Browsing the Web on your phone hasn’t always been what it is today. Even browsing on the first iPhone, one of the first phones with a real Web browser, was still pretty terrible.
Browsing on a small screen back then required constant tapping to zoom in on content optimized for much larger screens. Images took forever to load over the iPhone’s slow EDGE network connection, and then there was all that Flash content. That didn’t load at all. And this was the iPhone; browsing the Web using Blackberry or other OSes crippled mobile browsers. It was distinctly worse.
It wasn’t necessarily the devices’ fault, though mobile browsers did, and in many cases still do, lag well behind their desktop brethren. Most of the problem was the fault of Web developers. The Web is inherently flexible, but developers confined it by optimizing sites for large desktop monitors.
To address this, a lot of sites started building a second site. It sounds crazy now, but just a few years ago the going solution for handling new devices like the Blackberry, the then-new iPhone, and some of the first Android phones was to use server-side device detection scripts and redirect users to a dedicated site for mobile devices, typically a URL like m.domain.com.
These dedicated mobile URLs—often referred to as M-dot sites—typically lacked many features found on their “real” desktop counterparts. Often, sites didn’t even redirect properly, leaving you on the homepage when you wanted a specific article.
M-dot websites are a fine example of developers encountering a problem and figuring out a way to make it even worse. Luckily for us, most Web developers did not jump on the M-dot bandwagon because something much better soon came along.
Responsive design killed the M-Dot star
In 2010, Web developer Ethan Marcotte wrote a little article about something he called Responsive Web Design.
Marcotte suggested that with the proliferation of mobile devices and the pain of building dedicated M-dot sites, it might make more sense to embrace the inherently fluid nature of the Web. Instead, he argued, let’s build websites that were flexible. Marcotte envisioned sites that used relative widths to fit any screen and worked well no matter what device was accessing it.
Marcotte’s vision gave developers a way to build sites that flex and rearrange their content based on the size and characteristics of the device in your hand. And while responsive Web design wasn’t perhaps a panacea, it was pretty close.

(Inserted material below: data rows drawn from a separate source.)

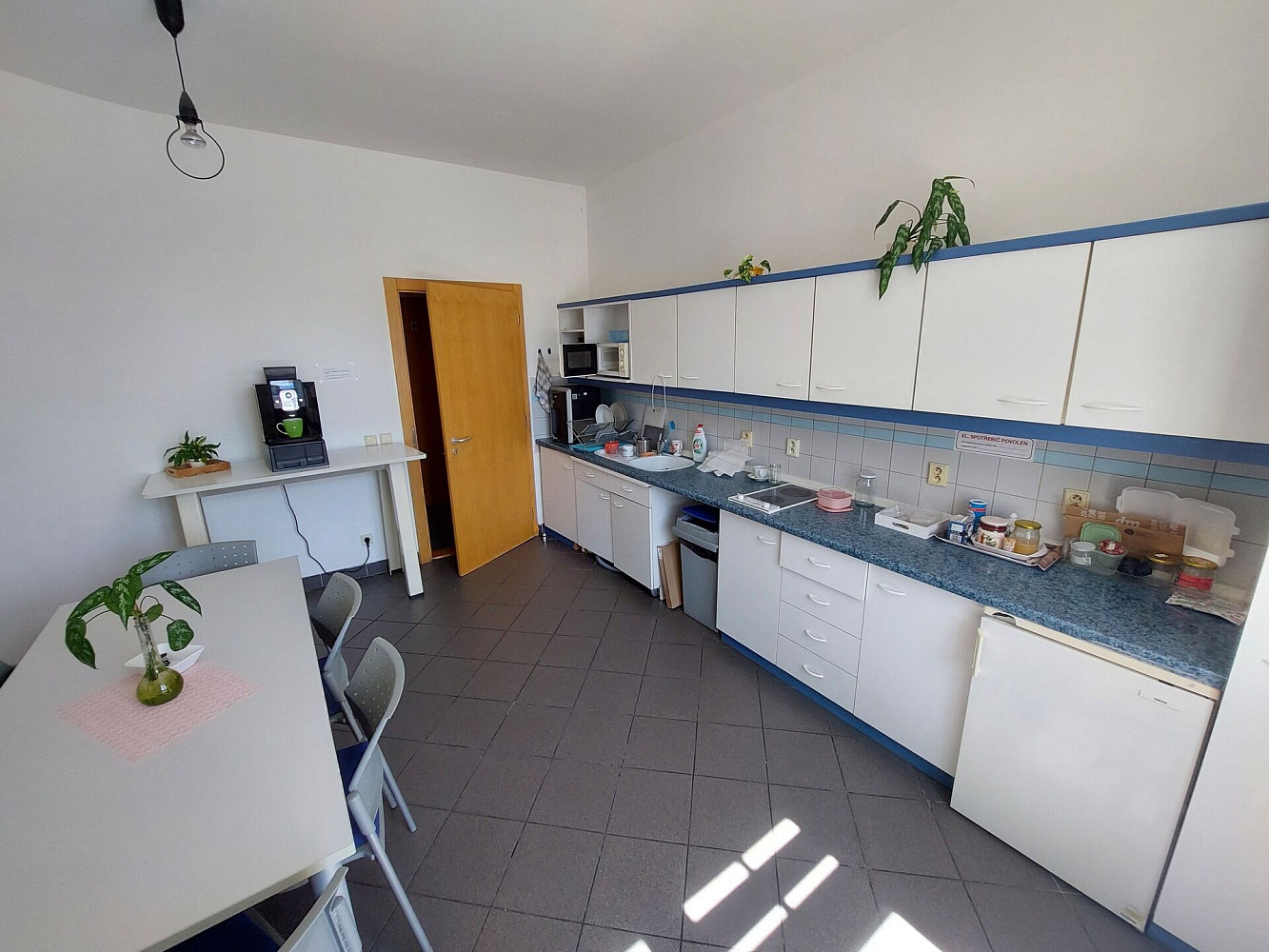 Pronájem kanceláře 36 m² – fotografie 5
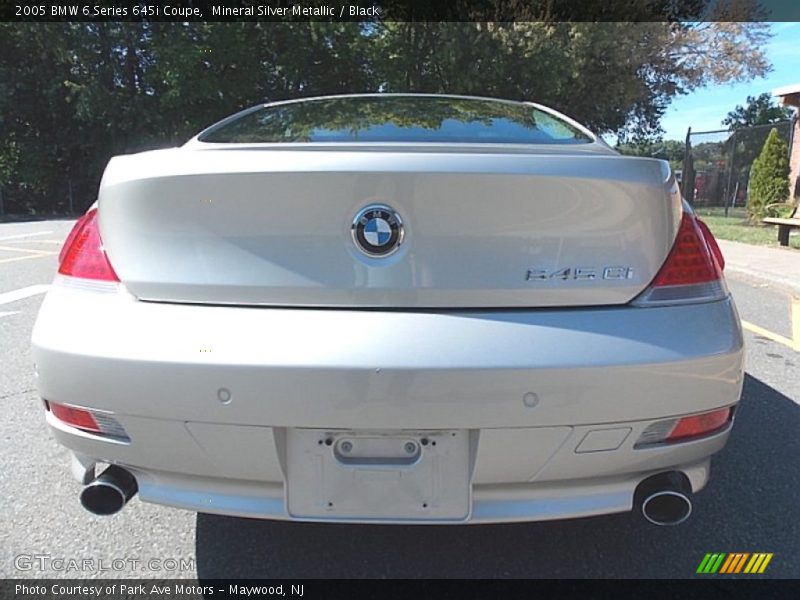 Mineral Silver Metallic / Black 2005 BMW 6 Series 645i Coupe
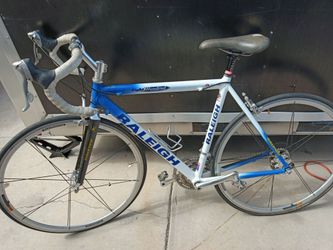 Raleigh 800 pro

Responsive design started when a few more prominent developers made their personal sites responsive, but it quickly took off when Marcotte and the developers at the Filament Group redesigned the Boston Globe website to make it responsive. The Globe redesign showed that responsive design worked for more than developer portfolios and blogs. The Globe redesign showed that responsive design was the way of the future.
While the paper’s re-do was successful from a user standpoint, Marcotte and the Filament Group did run into some problems behind the scenes, particularly with images. Marcotte’s original article dealt with images by scaling them down using CSS. This made images fit smaller screens and preserve the layout of content, but it also meant mobile devices were loading huge images with no intention to ever be displayed at full resolution.
For the most part, this is still what happens on nearly every site you visit on a small screen. Web developers know, as the developers building the Globe site knew, that this is a problem. Yet, solving it is not as easy as it seems at first glance.
That dilemma is what led to today. Solving this image problem required adding a brand new element to HTML.
Introducing the picture element
The Picture element story begins with the developers working on the Boston Globe, including Mat Marquis, who would eventually co-author the HTML specification.
In the beginning, though, no one working on the project was thinking about creating new HTML elements. Marquis and the other developers just wanted to build a site that loaded faster on mobile devices.
As Marquis explains, they thought they had a solution. “We started with an image for mobile and then selectively enhanced it up from there. It was a hack using cookies and JavaScript. It worked up until about a week before the site launched.”
Around this time, both Firefox and Chrome were updating their prefetching capabilities, and the new image prefetching tools broke the method used on the Globe prototypes. Browser prefetching turned out to be more than just a problem for the original Globe solution; it’s actually the crux of what’s so difficult about responsive images.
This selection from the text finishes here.